An example. I can take a football (soccer ball) full in the face from 3
meters, without a complaint. It wasn't intentional. Shake it off.

I cannot concentrate with such noise in my periphery, particularly when the
background is not "busy" with other activity. My nervous system wants,
_demands_ that I pay attention to it. Part of the... "heightened alertness"
that serves me well, in other contexts. Perhaps also somewhat the result of a
childhood in which such noises could proceed very traumatic events.

So... those of you with a "Why can't they just put up with it?" attitude:
There are those of us who have tried -- often pushed too hard to view this as
entirely _our fault_ \-- to do so. For years. Decades. It doesn't work for us.

Why should you then "put up with us"? Well, in my case, I tend to notice 3 or
4 times as much as many of my neighbors, and to relate it ("cross reference",
whatever) to things they've long since forgotten, if they ever knew. In my
case, at least, what you are "disturbing" is a very deep and full and "well-
intentioned" attention. It takes all my concentration to perform this well.

This attention catches and fixes problems before they become "established
policy", or "code", or whatever, depending upon context.
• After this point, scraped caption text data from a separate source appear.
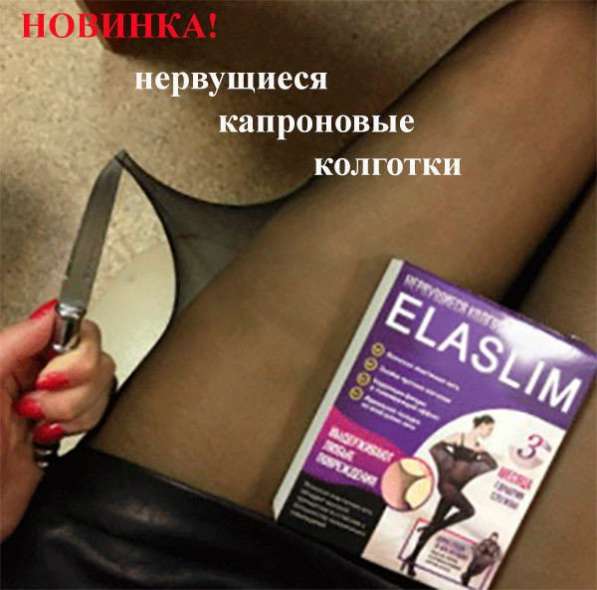 Колготки ElaSlim - мечта каждой девушки! в Москве фото 4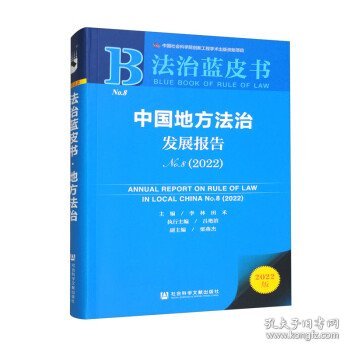 法治蓝皮书：中国地方法治发展报告No.8（2022）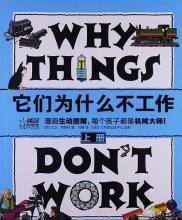 ����Ϊʲô�����������²ᣩ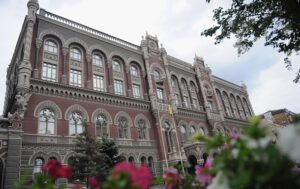 Новини бізнесу - Нацбанк визначився щодо рівня облікової ставки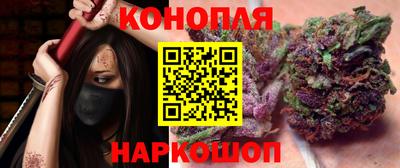 кокаин колумбия Бугуруслан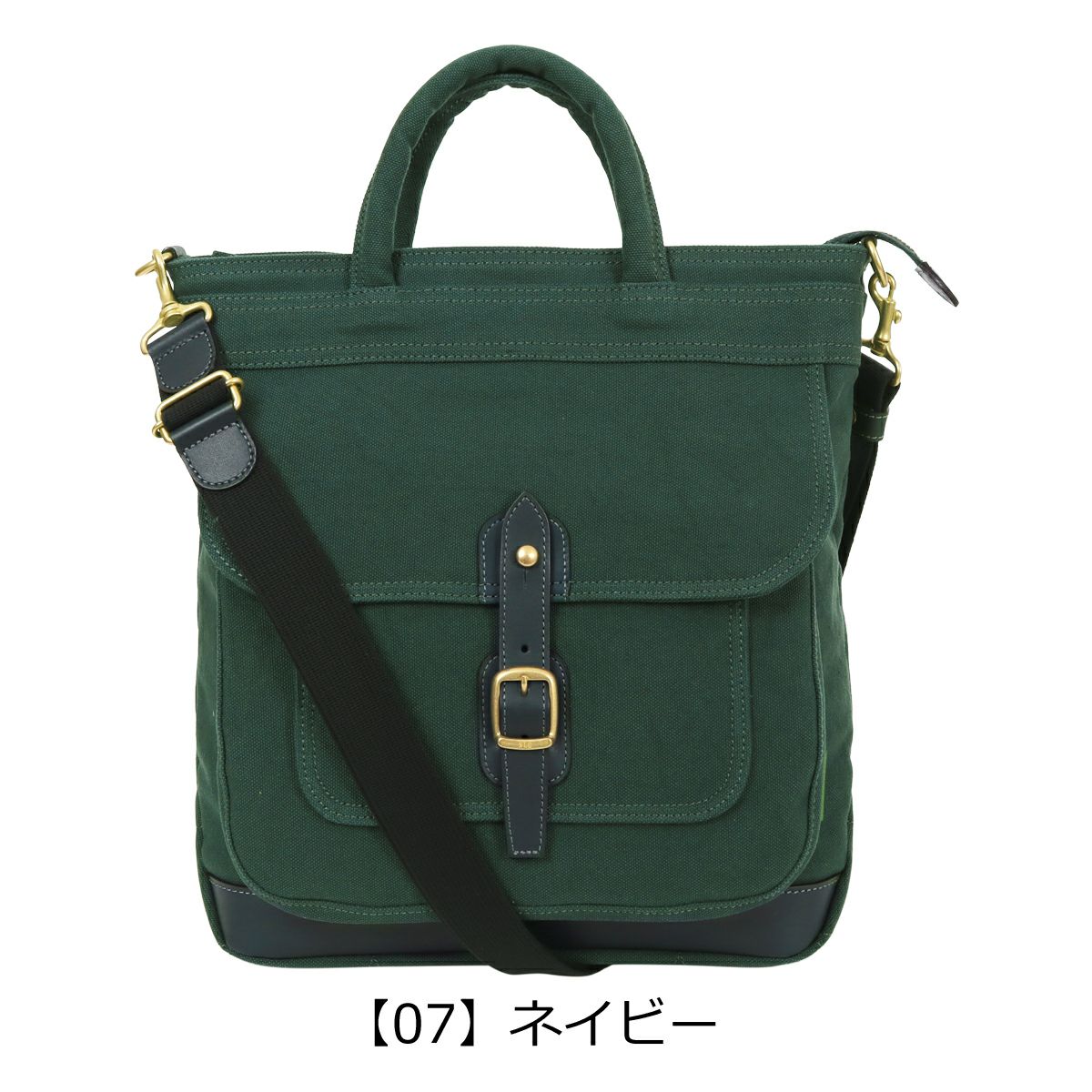 【07】ネイビー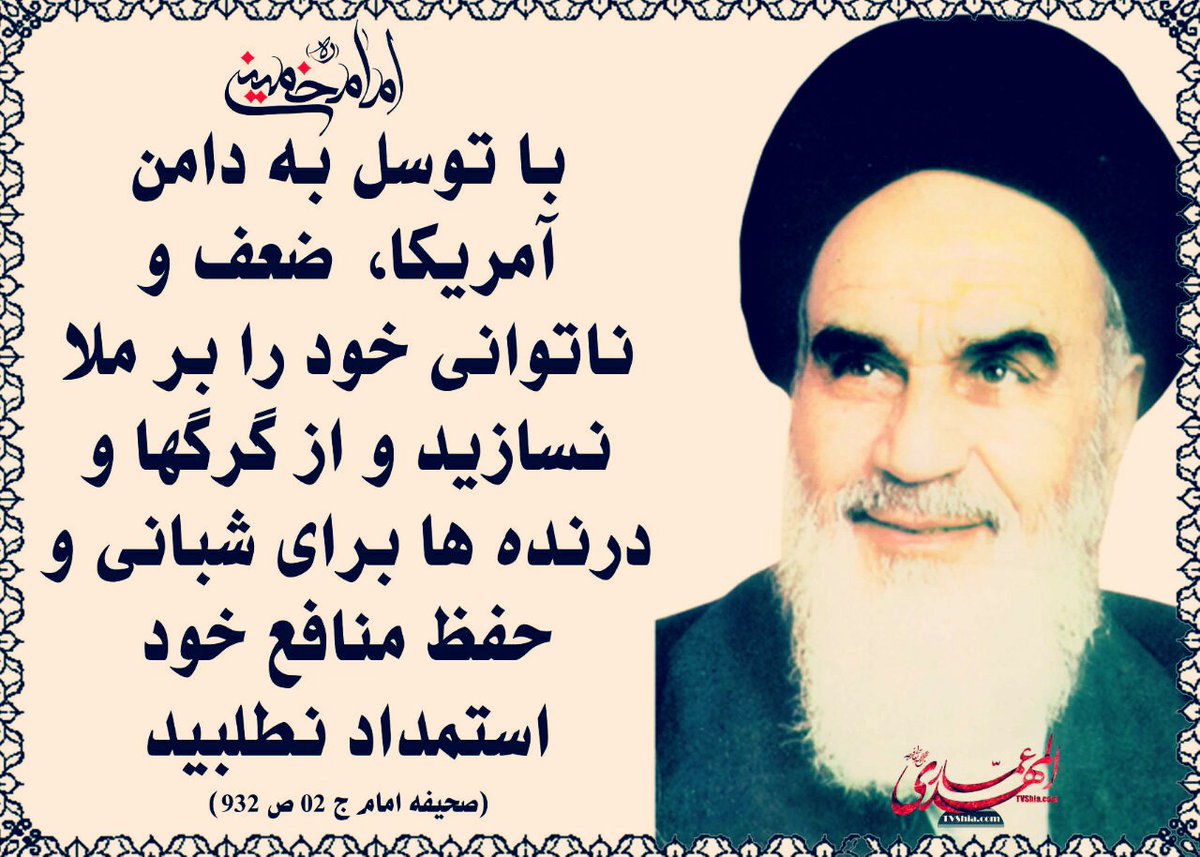 kalbasi3's tweet photo. #امام_خميني_بزرگترين_معمار_قرن https://t.co/Sn9nfzKGU4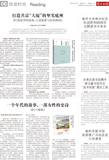 A06 悦读时光.jpg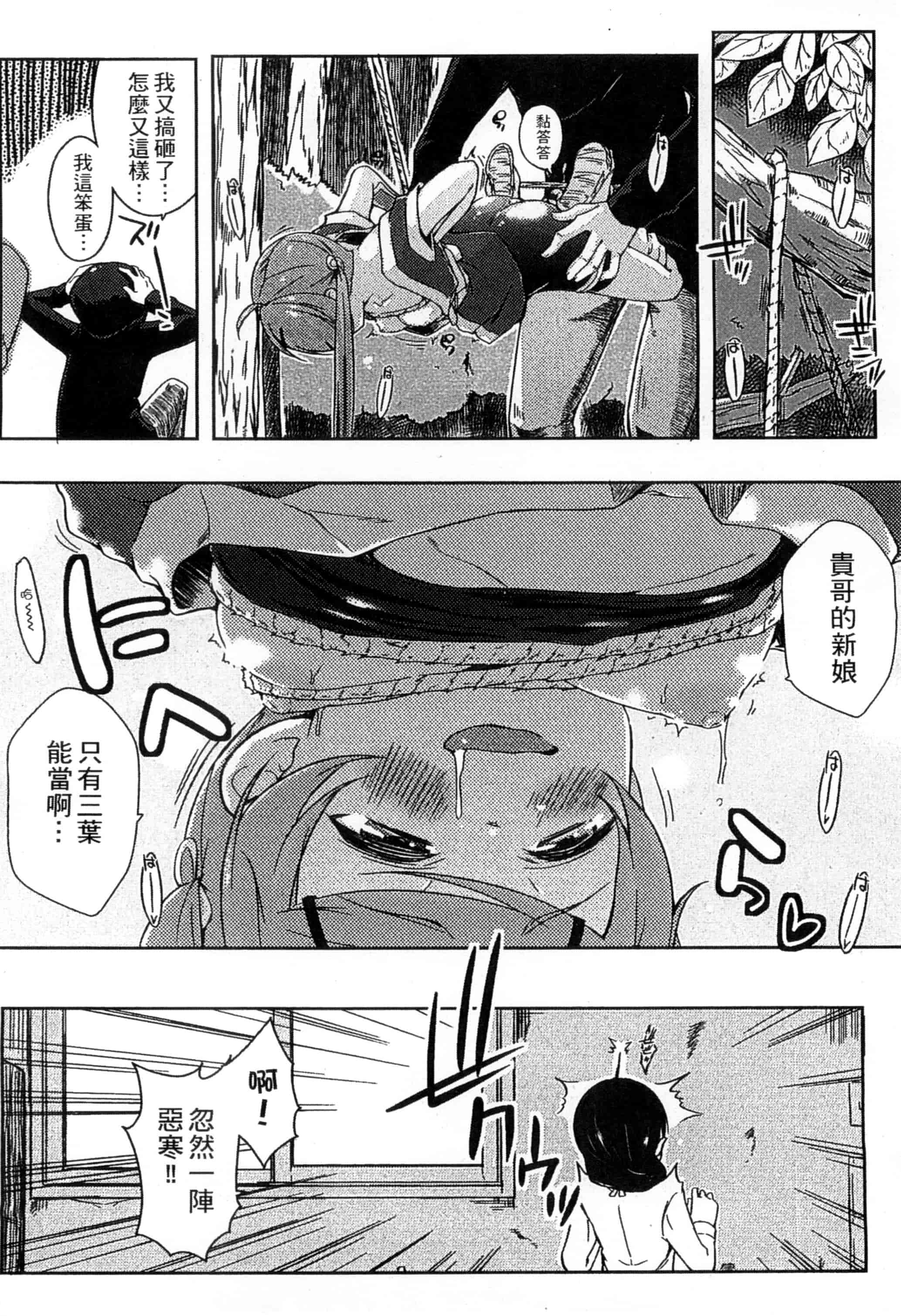 [かいづか] エローライフ_第7集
I don't care how you lead your life. Just don't presume that it gives you the
right to infringe upon mine and my well-being. Don't assume that you
understand my experience and motivations.

------
sdoering
The most interesting bit is in my opinion, that the debt of the region is
already really high.

But as laptops are now banned from parliament, every member of said parliament
shall receive a tablet, because he/she has to be able to keep working with
digital files in parliament.

Being a citizen, things like this make me sad.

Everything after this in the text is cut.